14 And he shall offer of it his offering, [even] an offering made by fire to the LORD; the fat that covereth the inwards, and all the fat that [is] upon the inwards,
Dan zal hij daarvan zijn offerande offeren, een vuuroffer den HEERE; het vet bedekkende het ingewand, en al het vet, dat aan het ingewand is;
15 And the two kidneys, and the fat that [is] upon them, which [is] by the flanks, and the caul above the liver, with the kidneys, that shall he take away.

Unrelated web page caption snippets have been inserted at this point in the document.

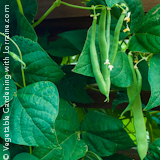Growing Green Beans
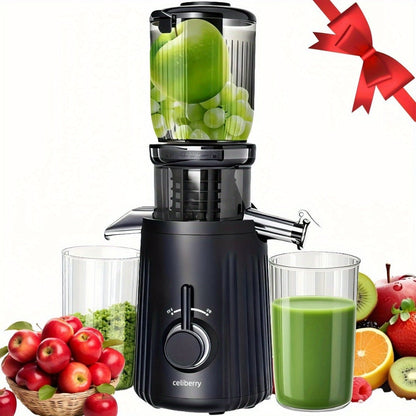 Masticating Juicer Cold Press - 4.25" Wide Feed Chute Auto-Feed Slow Juicer for Whole Fruits & Vegetables, 98% Juice Extraction, Quiet Motor, Easy to Clean, Compact for 1-2 People, Multiple Colors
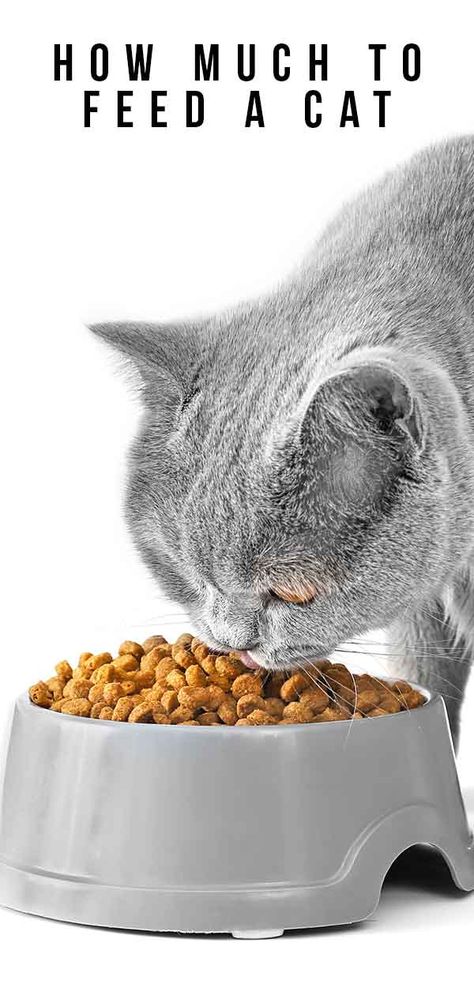 How Much To Feed A Cat, Cat Feeding Schedule, Raw Cat Food Diet, Cat Feed, Cat Nutrition, Cat Profile, Canned Cat Food, Cat Body, Cat Hacks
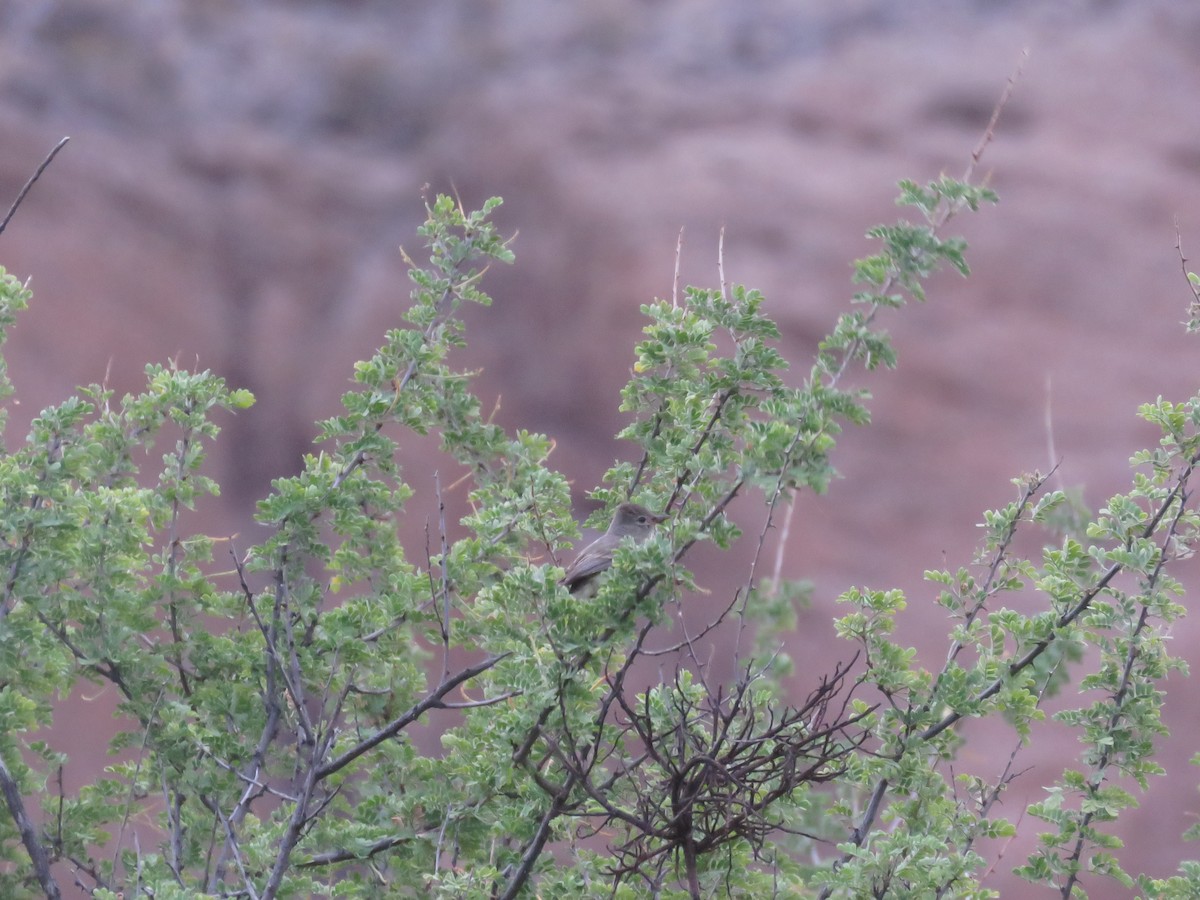 Northern Beardless-Tyrannulet - Jarrod  Swackhamer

Mitsgaders de beide nieren, en het vet, dat daaraan is, dat aan de weekdarmen is; en het net over de lever, met de nieren, zal hij afnemen.
16 And the priest shall burn them upon the altar: [it is] the food of the offering made by fire for a sweet savor: all the fat [is] the LORD'S.
En de priester zal die aansteken op het altaar; het is een spijs des vuuroffers, tot een liefelijken reuk; alle vet zal des HEEREN zijn.
17 [It shall be] a perpetual statute for your generations throughout all your dwellings, that ye eat neither fat nor blood.
Dit zij een eeuwige inzetting voor uw geslachten, in al uw woningen: geen vet noch bloed zult gij eten.